L’initiation à la vie active
Au fur et à mesure qu’ils grandissent, les enfants vont passer des tests sur ce qu’ils ont appris. Et les adultes vont renforcer ces connaissances. Dès l’âge de 15 ans, commence l’initiation. Variable en fonction des cultures et des régions, elle désigne le passage de l’adolescence à l’âge adulte. Selon… les enfants de la société Nawda au Togo devaient par exemple subir des « rites initiatiques » en privé ou collectivement jusqu’à l’âge « mûr » (25 ans – 30 ans).
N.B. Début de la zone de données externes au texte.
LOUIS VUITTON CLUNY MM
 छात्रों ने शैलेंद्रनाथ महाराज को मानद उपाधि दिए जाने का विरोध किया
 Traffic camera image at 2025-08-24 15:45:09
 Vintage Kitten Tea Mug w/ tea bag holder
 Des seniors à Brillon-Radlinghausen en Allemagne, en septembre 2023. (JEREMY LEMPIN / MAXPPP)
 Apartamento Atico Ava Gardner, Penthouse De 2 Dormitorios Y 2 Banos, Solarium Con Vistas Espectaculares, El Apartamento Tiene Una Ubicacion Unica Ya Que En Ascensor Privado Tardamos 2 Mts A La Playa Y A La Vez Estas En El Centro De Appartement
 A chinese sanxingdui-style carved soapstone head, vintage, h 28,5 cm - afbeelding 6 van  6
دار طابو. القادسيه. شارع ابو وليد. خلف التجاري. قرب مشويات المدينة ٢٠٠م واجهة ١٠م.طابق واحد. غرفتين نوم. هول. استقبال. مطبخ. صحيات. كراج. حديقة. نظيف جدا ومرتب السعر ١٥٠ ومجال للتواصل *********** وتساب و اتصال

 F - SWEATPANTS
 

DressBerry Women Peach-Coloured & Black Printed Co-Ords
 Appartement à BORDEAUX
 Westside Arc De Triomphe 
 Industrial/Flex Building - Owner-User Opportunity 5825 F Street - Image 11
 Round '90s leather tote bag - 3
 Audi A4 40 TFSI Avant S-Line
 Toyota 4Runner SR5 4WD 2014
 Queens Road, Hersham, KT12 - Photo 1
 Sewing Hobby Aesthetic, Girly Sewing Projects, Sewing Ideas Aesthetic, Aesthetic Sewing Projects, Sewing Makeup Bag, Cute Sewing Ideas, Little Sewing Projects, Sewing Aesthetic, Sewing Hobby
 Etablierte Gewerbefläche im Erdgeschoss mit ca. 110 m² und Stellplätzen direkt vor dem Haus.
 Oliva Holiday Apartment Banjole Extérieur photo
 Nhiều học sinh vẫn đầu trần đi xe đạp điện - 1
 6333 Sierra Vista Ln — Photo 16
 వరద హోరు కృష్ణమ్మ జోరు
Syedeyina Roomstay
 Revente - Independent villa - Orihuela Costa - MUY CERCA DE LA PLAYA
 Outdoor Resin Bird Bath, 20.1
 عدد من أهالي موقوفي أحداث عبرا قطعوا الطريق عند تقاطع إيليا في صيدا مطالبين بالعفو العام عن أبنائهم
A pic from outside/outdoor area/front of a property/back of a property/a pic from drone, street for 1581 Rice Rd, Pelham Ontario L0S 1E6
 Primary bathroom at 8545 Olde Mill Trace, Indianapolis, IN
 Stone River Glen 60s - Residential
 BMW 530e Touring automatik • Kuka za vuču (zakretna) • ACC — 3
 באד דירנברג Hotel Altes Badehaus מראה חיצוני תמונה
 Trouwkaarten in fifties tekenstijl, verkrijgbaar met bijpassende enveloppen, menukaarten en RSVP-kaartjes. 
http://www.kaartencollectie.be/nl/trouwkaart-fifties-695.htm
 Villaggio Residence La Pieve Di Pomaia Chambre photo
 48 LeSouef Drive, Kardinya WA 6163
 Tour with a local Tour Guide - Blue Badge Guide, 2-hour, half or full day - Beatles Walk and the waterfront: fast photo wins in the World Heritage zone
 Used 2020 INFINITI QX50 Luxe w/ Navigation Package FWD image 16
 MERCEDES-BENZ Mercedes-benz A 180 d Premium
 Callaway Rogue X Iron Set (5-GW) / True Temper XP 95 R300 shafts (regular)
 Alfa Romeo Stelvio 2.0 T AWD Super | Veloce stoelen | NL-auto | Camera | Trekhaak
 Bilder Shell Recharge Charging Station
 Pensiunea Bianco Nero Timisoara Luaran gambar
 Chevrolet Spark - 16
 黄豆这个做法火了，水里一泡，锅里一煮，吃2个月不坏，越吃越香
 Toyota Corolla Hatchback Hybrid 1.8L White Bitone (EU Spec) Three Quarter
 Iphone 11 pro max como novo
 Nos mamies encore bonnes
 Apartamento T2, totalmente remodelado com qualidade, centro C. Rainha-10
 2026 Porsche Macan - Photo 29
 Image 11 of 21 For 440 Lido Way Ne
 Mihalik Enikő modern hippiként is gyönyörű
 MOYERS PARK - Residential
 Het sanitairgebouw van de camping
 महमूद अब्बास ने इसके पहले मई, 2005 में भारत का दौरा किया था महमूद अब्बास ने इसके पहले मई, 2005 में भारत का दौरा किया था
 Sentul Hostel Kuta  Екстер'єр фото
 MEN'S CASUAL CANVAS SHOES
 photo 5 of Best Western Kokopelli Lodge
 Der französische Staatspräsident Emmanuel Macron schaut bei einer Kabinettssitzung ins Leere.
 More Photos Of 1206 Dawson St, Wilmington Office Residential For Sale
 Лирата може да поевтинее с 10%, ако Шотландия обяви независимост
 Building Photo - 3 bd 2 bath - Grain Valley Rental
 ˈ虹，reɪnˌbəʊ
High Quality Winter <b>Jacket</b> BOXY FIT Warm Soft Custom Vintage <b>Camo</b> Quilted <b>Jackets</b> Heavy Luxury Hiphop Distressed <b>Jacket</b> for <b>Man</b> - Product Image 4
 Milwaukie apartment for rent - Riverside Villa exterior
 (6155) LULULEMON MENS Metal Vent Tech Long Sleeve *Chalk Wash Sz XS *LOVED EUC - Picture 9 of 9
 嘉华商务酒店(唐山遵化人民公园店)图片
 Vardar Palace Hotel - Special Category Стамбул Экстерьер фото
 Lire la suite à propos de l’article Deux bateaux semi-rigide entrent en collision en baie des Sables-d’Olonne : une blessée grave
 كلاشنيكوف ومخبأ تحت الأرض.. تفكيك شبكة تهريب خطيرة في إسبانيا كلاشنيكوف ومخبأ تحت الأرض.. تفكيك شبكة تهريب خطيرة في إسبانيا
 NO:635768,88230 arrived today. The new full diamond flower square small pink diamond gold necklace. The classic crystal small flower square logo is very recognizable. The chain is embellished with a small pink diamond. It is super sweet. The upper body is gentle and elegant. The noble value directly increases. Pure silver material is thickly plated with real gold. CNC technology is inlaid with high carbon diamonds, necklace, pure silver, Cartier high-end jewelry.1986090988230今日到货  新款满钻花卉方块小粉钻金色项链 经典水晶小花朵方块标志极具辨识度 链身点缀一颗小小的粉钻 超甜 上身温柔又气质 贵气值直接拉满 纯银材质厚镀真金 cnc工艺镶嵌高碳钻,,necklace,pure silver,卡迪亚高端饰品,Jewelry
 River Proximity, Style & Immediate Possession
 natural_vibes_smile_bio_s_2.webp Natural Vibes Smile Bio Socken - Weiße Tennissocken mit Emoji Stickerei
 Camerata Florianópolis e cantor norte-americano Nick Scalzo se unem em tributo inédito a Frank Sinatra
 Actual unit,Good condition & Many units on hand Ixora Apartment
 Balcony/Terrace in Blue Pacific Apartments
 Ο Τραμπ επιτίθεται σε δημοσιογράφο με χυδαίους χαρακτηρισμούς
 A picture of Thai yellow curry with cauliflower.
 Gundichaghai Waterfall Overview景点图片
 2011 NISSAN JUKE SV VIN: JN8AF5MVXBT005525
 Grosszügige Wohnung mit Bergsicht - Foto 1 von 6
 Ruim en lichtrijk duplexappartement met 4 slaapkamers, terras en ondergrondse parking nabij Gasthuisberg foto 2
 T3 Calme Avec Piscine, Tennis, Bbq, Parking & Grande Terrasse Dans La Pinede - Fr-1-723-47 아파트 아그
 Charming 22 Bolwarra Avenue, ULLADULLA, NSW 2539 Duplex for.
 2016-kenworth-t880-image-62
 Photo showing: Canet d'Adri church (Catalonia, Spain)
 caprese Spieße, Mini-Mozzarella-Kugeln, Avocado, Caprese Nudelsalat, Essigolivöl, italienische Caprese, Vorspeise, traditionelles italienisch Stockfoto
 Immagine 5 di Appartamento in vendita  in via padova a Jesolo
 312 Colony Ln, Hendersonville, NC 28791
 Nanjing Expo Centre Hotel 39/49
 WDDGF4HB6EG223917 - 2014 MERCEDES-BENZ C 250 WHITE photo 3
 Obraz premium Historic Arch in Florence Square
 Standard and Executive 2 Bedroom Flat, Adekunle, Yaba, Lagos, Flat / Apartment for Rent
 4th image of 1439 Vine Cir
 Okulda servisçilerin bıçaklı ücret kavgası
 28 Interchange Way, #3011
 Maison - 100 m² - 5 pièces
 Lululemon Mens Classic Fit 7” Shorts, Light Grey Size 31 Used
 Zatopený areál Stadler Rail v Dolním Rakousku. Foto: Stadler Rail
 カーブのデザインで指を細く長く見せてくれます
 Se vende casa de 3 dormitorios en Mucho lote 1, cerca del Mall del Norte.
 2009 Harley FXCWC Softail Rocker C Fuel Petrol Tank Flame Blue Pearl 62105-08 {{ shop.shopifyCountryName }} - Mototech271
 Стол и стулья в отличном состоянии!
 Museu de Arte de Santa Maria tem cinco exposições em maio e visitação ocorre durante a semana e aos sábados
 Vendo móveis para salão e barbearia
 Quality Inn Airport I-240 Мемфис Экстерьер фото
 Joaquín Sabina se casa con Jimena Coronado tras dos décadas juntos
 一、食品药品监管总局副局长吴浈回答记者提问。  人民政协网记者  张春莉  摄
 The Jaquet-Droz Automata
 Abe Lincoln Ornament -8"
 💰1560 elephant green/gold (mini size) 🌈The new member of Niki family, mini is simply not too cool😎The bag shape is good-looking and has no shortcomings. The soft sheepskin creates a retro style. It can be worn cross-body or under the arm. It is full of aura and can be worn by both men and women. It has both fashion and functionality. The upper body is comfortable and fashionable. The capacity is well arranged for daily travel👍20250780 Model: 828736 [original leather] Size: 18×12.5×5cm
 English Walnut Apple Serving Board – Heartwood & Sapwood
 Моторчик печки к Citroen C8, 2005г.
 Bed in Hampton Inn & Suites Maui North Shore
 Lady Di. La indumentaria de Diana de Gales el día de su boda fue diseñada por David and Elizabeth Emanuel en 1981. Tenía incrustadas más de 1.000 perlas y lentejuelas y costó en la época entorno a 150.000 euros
Dans certaines cultures, les enfants vont passer un test de survie pour les garçons. En groupe de nombre variable et loin de leurs familles, ils vivent dans la forêt et sont entrainés à un certain nombre de choses (tir à l’arc, chasse, pêche à la ligne ou à la nasse, etc.), exercices physiques, etc. La durée de la formation n’est pas la même dans toutes les cultures. De leur côté, les jeunes filles apprennent à tenir un foyer, sous la supervision d’un collège de femmes âgées.
L’initiation s’achève généralement par des cérémonies et des rites initiatiques, confirmation que le jeune peut désormais faire partie de la classe des adultes. Dans certaines contrées, les jeunes doivent quitter la case familiale pour aller construire leurs gîtes.
Ailleurs, cela va plus loin. Le jeune garçon doit par exemple se préparer à prendre pour épouse une jeune femme d’un autre groupe ethnique ou d’un village voisin avec lequel il n’existe pas de lien de parenté.
En effet, jusqu’à la phase d’initiation, il est interdit de se livrer à des rapports sexuels hors mariage. La sexualité était sacrée pour la jeune fille et le jeune garçon. Il fallait donc avoir suivi une éducation pour être un mari et un père, pour les jeunes garçons, et vice-versa pour les jeunes filles.